**Exercise brief:**
Repeat the data exactly as given below, dropping every picture.

**Given information:**
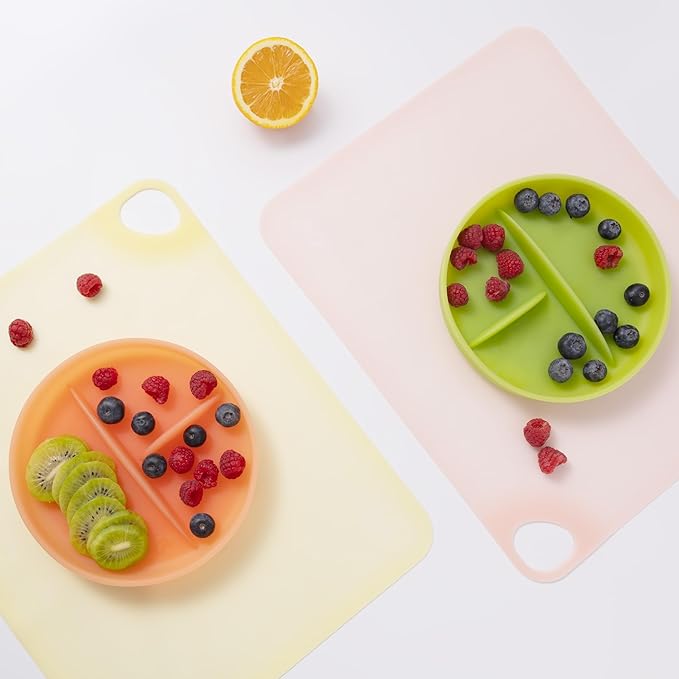 Olababy Fold N Go Silicone Placemat w Travel Case | Dishwasher Safe, BPA Free, Non-Slip, Waterproof | Mini Dining Mat for Infants, Babies, Toddlers and Kids (1, Lemon)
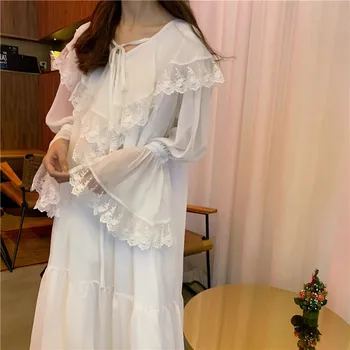 2019 nové jarné šaty kórejský elegantné stredne dlhé voľné šifón šaty dlhý rukáv pre študentky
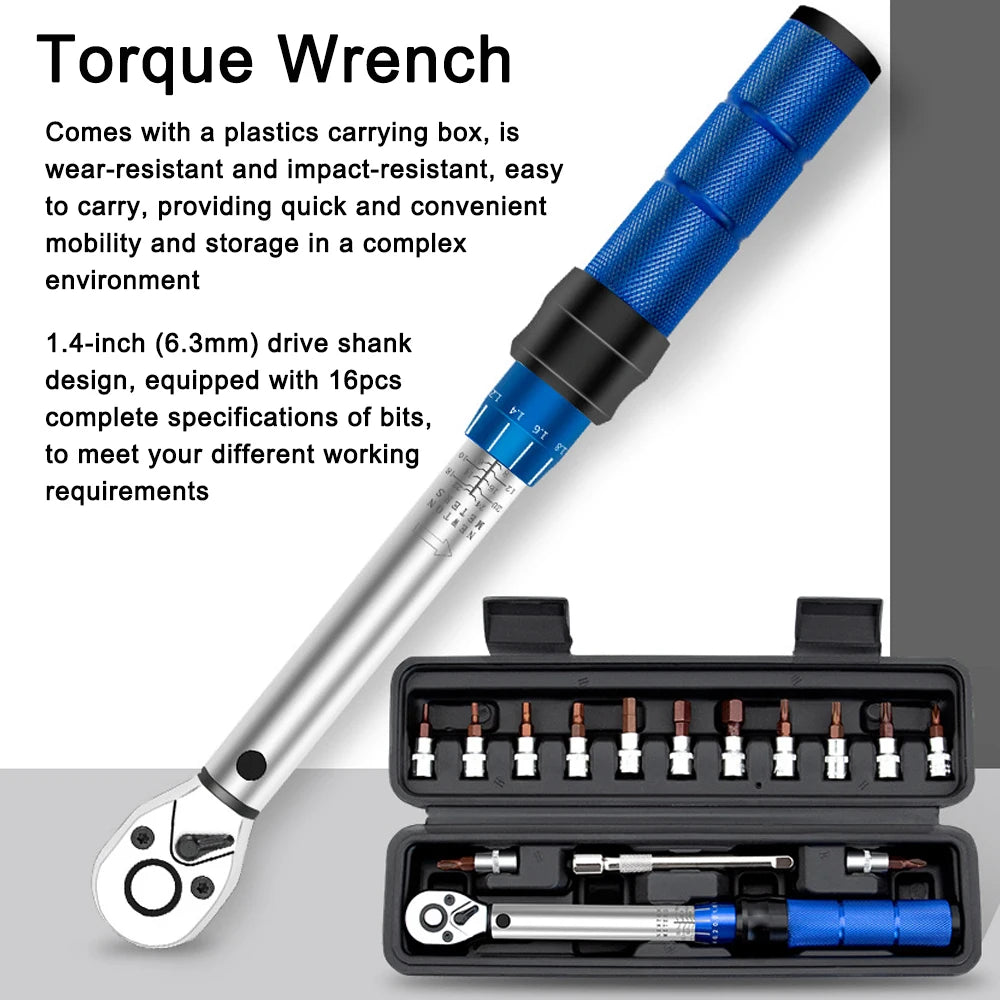 1/4” Drive Adjustable Torque Wrench Set (2–24N·m) | 72-Tooth CR-V Steel Precision Ratchet Kit with 13 Bits & Storage Case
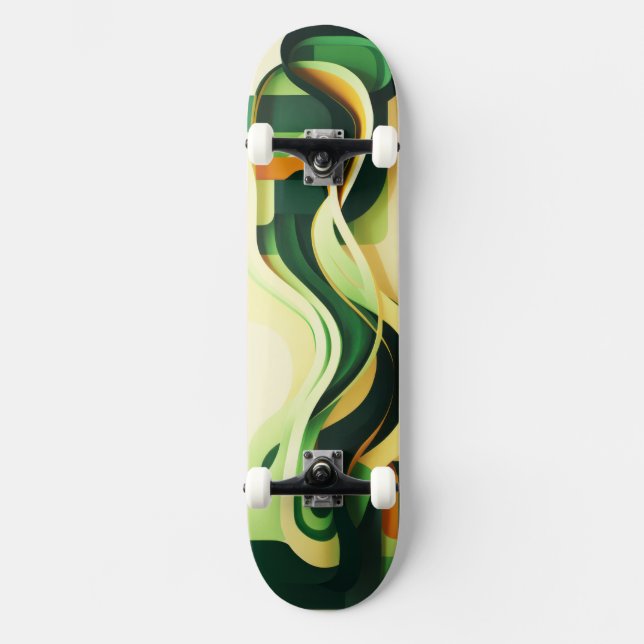 Svart, grönt och gult, kurvformer Skateboard (Framsida)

**Your solution:**
 Olababy Fold N Go Silicone Placemat w Travel Case | Dishwasher Safe, BPA Free, Non-Slip, Waterproof | Mini Dining Mat for Infants, Babies, Toddlers and Kids (1, Lemon)
 2019 nové jarné šaty kórejský elegantné stredne dlhé voľné šifón šaty dlhý rukáv pre študentky
 1/4” Drive Adjustable Torque Wrench Set (2–24N·m) | 72-Tooth CR-V Steel Precision Ratchet Kit with 13 Bits & Storage Case
 Svart, grönt och gult, kurvformer Skateboard (Framsida)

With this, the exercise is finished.